Start of Task inputs

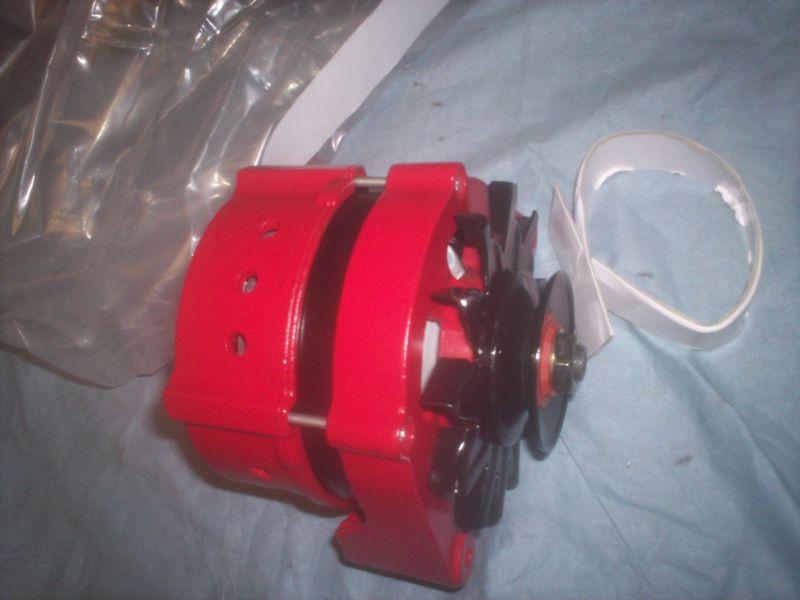 Bmw 318 m3 bosch alternator high 150 high amp 87 88 89 90 1991 red  generator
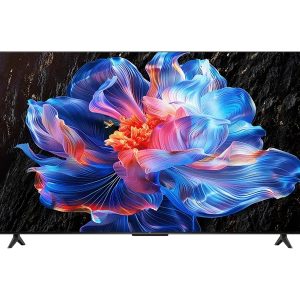 TCL 55P6K Televisor Smart TV 55" LED UltraHD 4K HDR - Google TV - WiFi, HDMI, USB 3.0, Ethernet, Bluetooth - VESA 200x200mm
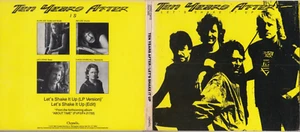 Ten Years After - Let's Shake It Up CD 1989 CHRYSALIS DPRO23413 PROMO RARE - Picture 1 of 2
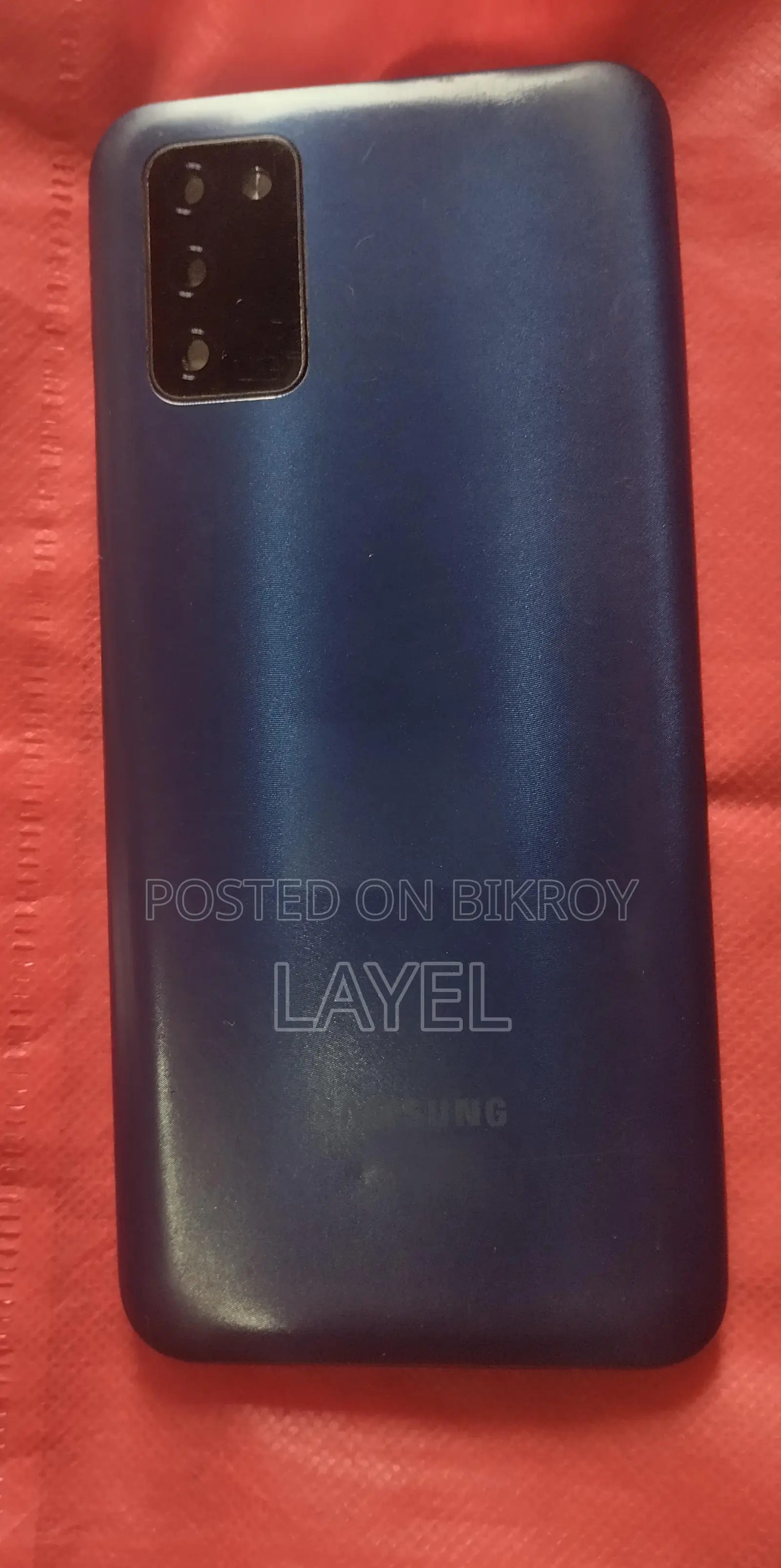 Samsung Galaxy A03S . (Used)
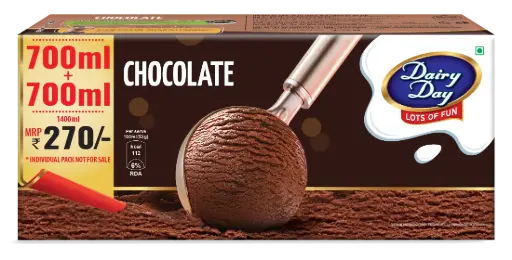 Dairy Day Familly pack chocolate(Buy 1 Get 1 free)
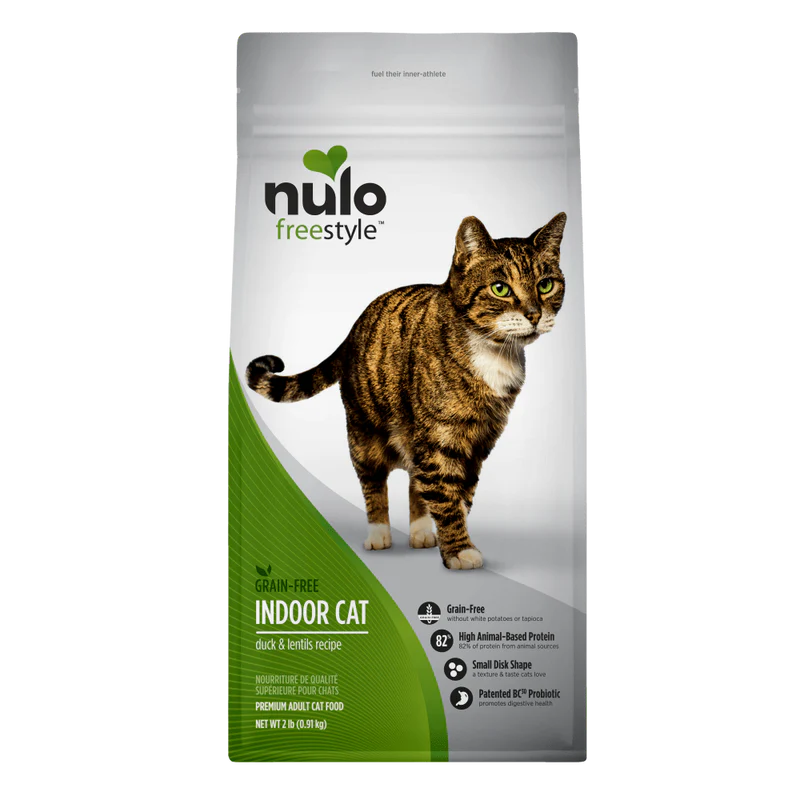 Pet odor eliminator spray-NULO CAT DUCK & LENTILS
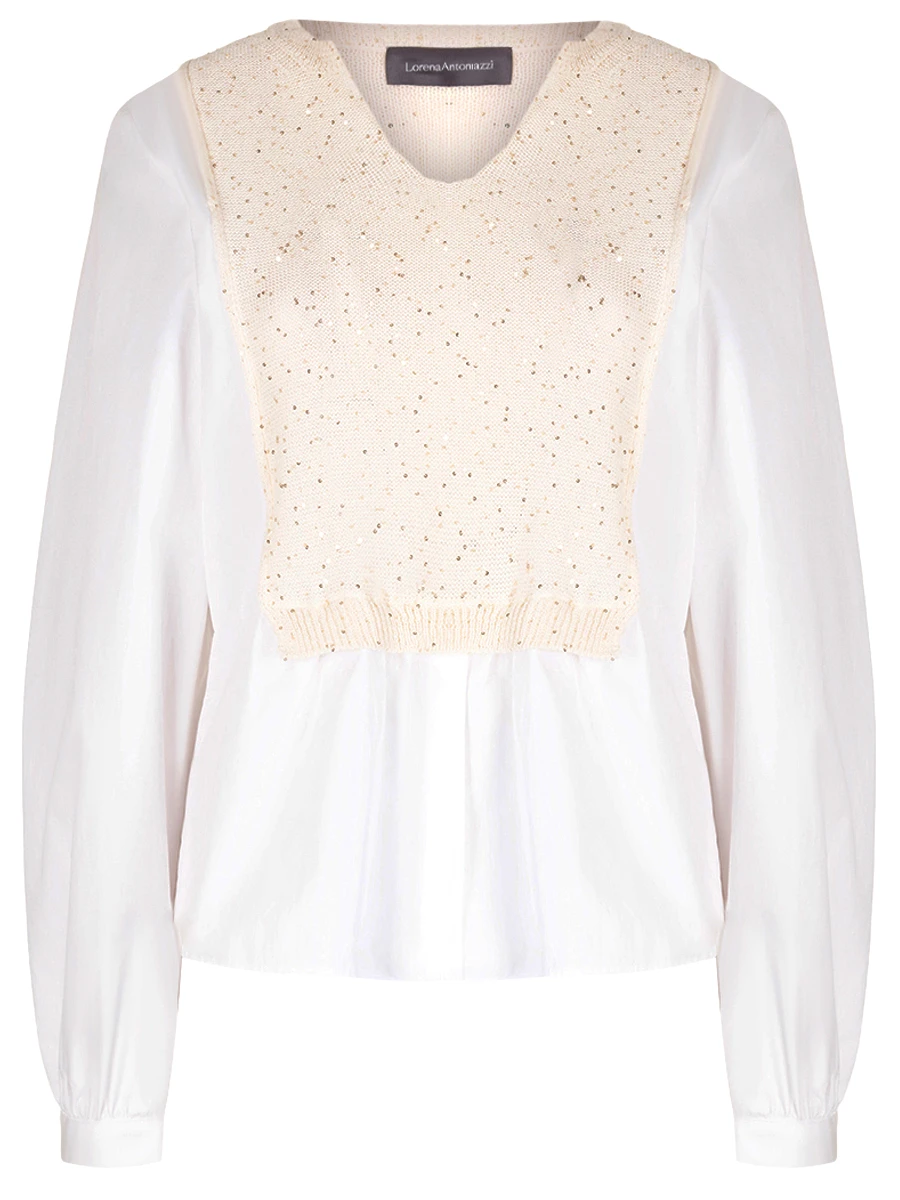 Блуза хлопковая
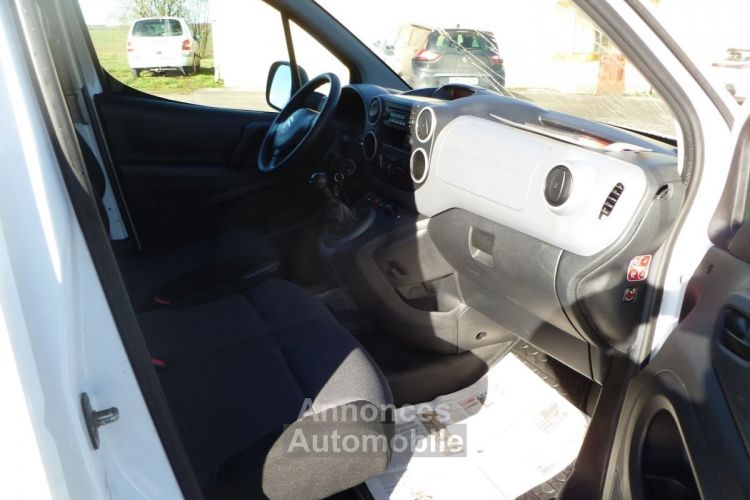 Citroen Berlingo UTILITAIRE 1.6 BLUE HDI 100CH CLUB M 3 PLACES - <small></small> 11.700 € <small>TTC</small> - #6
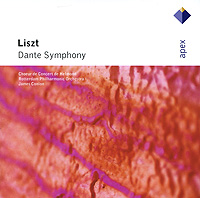 James Conlon. Liszt. Dante Symphony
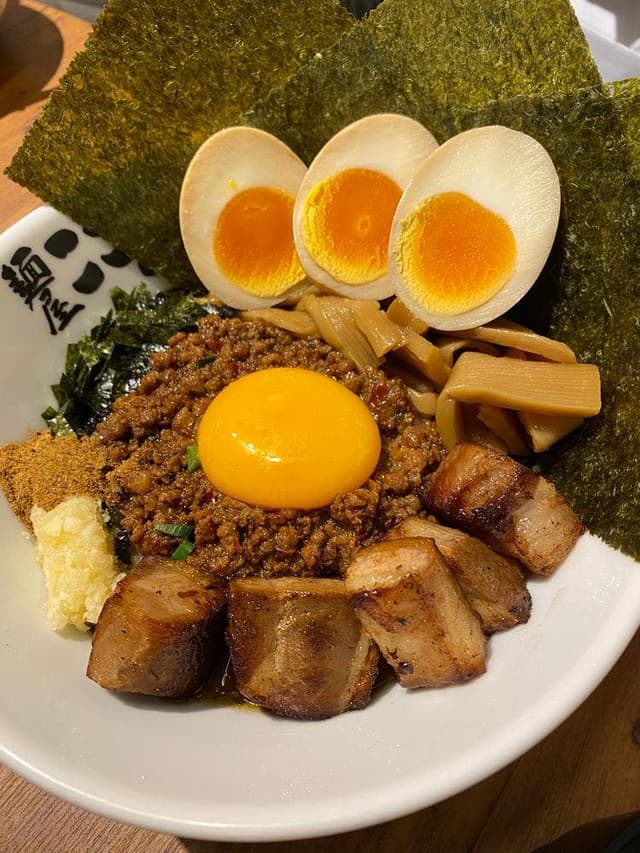 麺屋こころ 蕨店 - サブ画像2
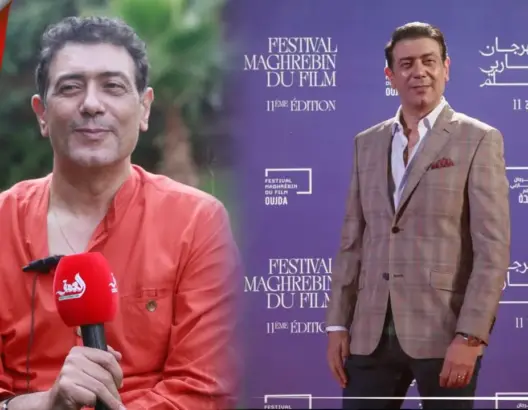 المصري أحمد وفيق يروي مسيرته لـ”العمق” ويتمنى تقديم عمل بالدارجة المغربية (فيديو)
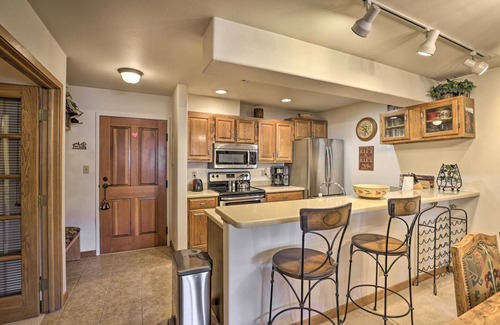 Beaver Creek Apartment | 83 m² Apartment ∙ 2 bedrooms ∙ 7 guests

End of Task inputs

▶ Description of the task: What you return must match the records letter for letter, except that the pictures stay out.

▶ Problem solution:
 Bmw 318 m3 bosch alternator high 150 high amp 87 88 89 90 1991 red  generator
 TCL 55P6K Televisor Smart TV 55" LED UltraHD 4K HDR - Google TV - WiFi, HDMI, USB 3.0, Ethernet, Bluetooth - VESA 200x200mm
 Ten Years After - Let's Shake It Up CD 1989 CHRYSALIS DPRO23413 PROMO RARE - Picture 1 of 2
 Samsung Galaxy A03S . (Used)
 Dairy Day Familly pack chocolate(Buy 1 Get 1 free)
 Pet odor eliminator spray-NULO CAT DUCK & LENTILS
 Блуза хлопковая
 Citroen Berlingo UTILITAIRE 1.6 BLUE HDI 100CH CLUB M 3 PLACES - <small></small> 11.700 € <small>TTC</small> - #6
 James Conlon. Liszt. Dante Symphony
 麺屋こころ 蕨店 - サブ画像2
 المصري أحمد وفيق يروي مسيرته لـ”العمق” ويتمنى تقديم عمل بالدارجة المغربية (فيديو)
 Beaver Creek Apartment | 83 m² Apartment ∙ 2 bedrooms ∙ 7 guests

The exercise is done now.